◆ Task to carry out:
Find all lines with the word "Wall" in the material, then copy them.

◆ Data provided:
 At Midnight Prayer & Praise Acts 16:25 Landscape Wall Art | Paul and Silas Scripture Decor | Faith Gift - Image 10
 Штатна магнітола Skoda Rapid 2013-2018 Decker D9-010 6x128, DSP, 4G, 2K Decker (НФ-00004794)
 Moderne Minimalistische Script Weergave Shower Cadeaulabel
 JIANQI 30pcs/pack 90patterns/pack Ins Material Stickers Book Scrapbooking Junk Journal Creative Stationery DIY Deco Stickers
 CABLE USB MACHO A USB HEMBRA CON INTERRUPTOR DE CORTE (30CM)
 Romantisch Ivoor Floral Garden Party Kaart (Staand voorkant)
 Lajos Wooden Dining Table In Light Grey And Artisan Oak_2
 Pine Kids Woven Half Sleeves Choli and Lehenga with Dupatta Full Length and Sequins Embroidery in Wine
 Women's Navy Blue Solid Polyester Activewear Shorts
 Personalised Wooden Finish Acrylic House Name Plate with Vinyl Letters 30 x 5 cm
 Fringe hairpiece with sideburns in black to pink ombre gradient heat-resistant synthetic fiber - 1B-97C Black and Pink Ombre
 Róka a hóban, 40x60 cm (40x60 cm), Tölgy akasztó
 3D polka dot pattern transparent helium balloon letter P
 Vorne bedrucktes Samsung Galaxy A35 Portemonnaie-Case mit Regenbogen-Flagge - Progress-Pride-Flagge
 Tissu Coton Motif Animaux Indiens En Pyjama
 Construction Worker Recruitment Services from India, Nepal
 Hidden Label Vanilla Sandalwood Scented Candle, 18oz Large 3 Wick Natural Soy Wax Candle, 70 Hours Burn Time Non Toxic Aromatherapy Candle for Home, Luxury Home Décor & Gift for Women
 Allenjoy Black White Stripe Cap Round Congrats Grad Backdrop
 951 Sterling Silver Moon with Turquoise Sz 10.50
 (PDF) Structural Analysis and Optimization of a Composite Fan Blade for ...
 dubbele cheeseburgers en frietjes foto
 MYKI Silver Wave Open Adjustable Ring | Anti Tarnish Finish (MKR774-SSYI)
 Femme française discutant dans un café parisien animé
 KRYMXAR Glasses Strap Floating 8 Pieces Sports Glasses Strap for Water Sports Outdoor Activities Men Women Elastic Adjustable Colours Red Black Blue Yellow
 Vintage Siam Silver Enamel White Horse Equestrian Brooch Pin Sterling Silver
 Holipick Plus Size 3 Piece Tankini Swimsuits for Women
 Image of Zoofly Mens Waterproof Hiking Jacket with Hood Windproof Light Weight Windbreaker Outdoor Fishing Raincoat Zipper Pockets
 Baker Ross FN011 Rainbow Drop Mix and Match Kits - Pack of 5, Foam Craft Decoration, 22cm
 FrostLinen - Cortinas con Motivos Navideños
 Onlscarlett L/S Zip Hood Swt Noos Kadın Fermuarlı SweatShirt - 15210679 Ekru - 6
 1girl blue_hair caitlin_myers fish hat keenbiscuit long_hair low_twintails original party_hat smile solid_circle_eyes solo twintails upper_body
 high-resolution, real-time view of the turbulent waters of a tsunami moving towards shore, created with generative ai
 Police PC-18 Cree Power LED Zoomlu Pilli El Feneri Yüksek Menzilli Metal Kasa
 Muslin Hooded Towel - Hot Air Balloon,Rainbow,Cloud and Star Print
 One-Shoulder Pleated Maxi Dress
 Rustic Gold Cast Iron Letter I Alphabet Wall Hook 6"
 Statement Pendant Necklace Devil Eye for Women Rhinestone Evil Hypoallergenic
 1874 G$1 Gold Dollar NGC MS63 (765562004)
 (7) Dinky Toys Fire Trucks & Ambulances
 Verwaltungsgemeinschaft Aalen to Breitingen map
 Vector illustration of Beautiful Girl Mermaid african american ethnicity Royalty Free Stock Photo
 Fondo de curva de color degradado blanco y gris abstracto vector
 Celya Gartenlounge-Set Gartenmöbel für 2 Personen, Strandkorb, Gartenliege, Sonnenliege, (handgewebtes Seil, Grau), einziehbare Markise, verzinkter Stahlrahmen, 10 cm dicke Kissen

◆ Response to this exercise:
 At Midnight Prayer & Praise Acts 16:25 Landscape Wall Art | Paul and Silas Scripture Decor | Faith Gift - Image 10
 Rustic Gold Cast Iron Letter I Alphabet Wall Hook 6"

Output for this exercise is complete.